Question on circles inscribed in a rectangle In rectangle $ABCD$, $AB = 8$ and $BC = 20$. Let $P$ be a point on $AD$ such that angle $\measuredangle BPC = 90^\circ$. If $r_1, r_2, r_3$ are the radii of the incircles of triangles $APB, BPC$ and $CPD$, what is the value of $r_1 + r_2 + r_3$?
 A: Given the inradius equation for a right triangle, as hinted by @Joey, just replace the variables:
$$
\begin{eqnarray}
r_1 &=& \frac{AB + AP - BP}{2} \\
r_2 &=& \frac{CD + DP - CP}{2} \\
    &=& \frac{AB + (BC - AP) - CP}{2} \\
r_3 &=& \frac{BP + CP - BC}{2} \\
\end{eqnarray}
$$
And then simplify:
$$
\begin{eqnarray}
R &=& r_1 + r_2 + r_3 \\
  &=& \frac{AB + AP - BP}{2} +
              \frac{AB + (BC - AP) - CP}{2} +
              \frac{BP + CP - BC}{2} \\
  &=& AB \\
\end{eqnarray}
$$
So the total radii of the incircles is 8.
A: Hint: If $a$, $b$, and $c$ are the side lengths of a right triangle, with $c$ the length of the hypotenuse, then the radius of the incircle is given by
$$ r = \frac{a+b-c}{2}. $$
One way to see this is to realize that the radius in this case is equal to the length of the tangent from the right angle vertex to the incircle, and do a bit of fairly simple algebra to get the result, noting that the length of two tangents from a point are equal.

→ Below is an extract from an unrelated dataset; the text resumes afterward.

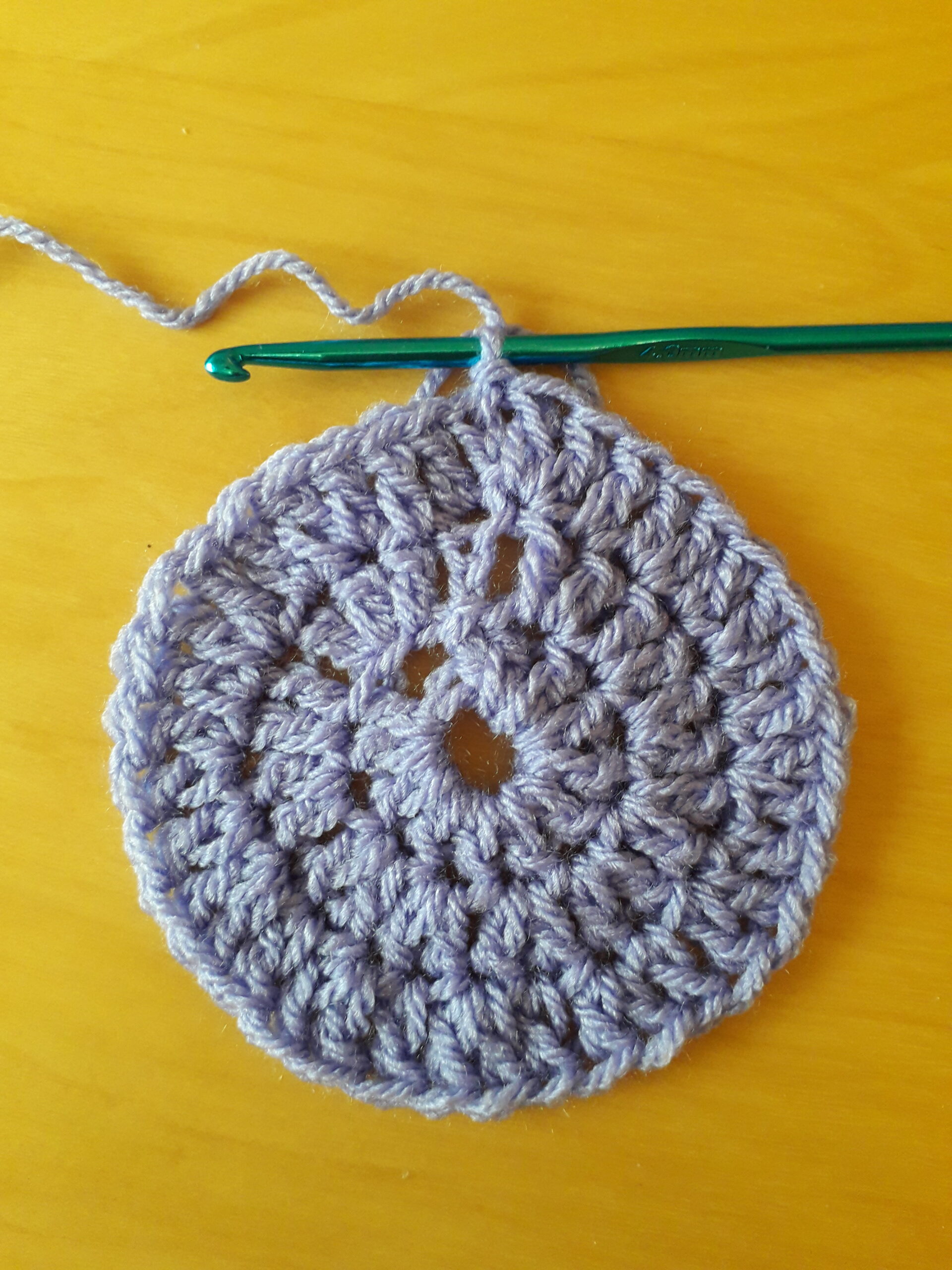 How to crochet a circle. Crochet circle pattern for beginners. Crochet a flat circle that doesn’t curl or frill.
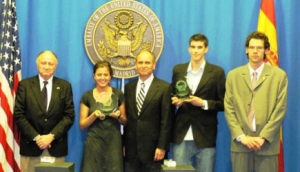 Los galardonados en la Embajada Americana en 2009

Another way to see this is the following: Note that the area of a triangle is given by $rs$, where $s$ is the semi-perimeter, and in the case of a right triangle, it is also $\frac{1}{2}ab$. We thus have
$$ rs = A = \frac{ab}{2}\implies r = \frac{ab}{2s} = \frac{ab}{a+b+c}. $$
Note that
$$ a+b+c = \frac{(a+b)^2 - c^2}{a+b - c} = \frac{a^2+b^2+ 2ab-c^2}{a+b-c} = \frac{2ab}{a+b-c}$$
and hence
$$ r = ab\left(\frac{a+b-c}{2ab}\right) = \frac{a+b-c}{2} $$
as desired. Now, each of the triangles in question are right triangles, and the side lengths can be calculated, so the answer can be found using this relation.